The existence of this alternative system is thanks to hundreds of parents across Scotland who have found a way to bypass local authority provision and ensure regular, structured language teaching for their children outwith school hours.

These families are almost all bilingual - at least one parent does not have English as his or her first language. And many have either set up or support their own Saturday language schools, where their children are given an opportunity to learn to speak their parents’ home language.

Mainstream schools cannot provide adequate teaching - certainly not to a native speaker level - say the parents, who are hoping the Saturday schools will increase their children’s chances of growing up entirely fluent in both English and the other family language.

Bilingualism Matters, an organisation which promotes bilingualism in Scotland, lists, among others, schools for Chinese, German, French, Italian, Spanish, Urdu, Russian, Polish, Arabic, Danish, Greek and Punjabi in cities across Scotland.

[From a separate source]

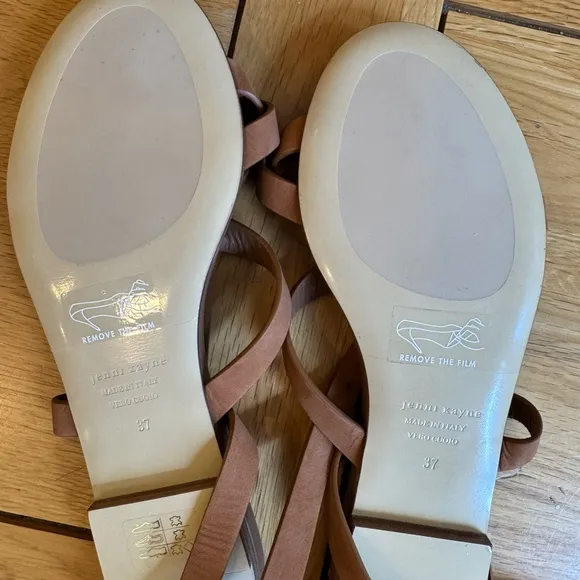 NWOT Jenni Kayne Tan Leather Strappy Sandals with Flat Sole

Classes take place on Saturdays in the premises of schools, colleges or other institutions, and teachers, many of whom are professionally trained, work with the children in their home language on everything from grammar and vocabulary to culture and history.

While the schools vary in size, ethos, methodology and target age group, the over-riding goal is one they all share: to maintain the mother tongue in the children and give them an opportunity to speak it, surrounded by their peers.

Jenny Carr, chair of the Scotland-Russia forum and a trained languages teacher, said parents had come to her because they were concerned about the lack of Russian language teaching in Scotland. Her response was that these parents should be teaching their own children how to read and write and a bit about their culture. Inspired by the idea, she founded Russian Edinburgh, a Saturday Russian school for bilingual children, which now has more than 100 pupils.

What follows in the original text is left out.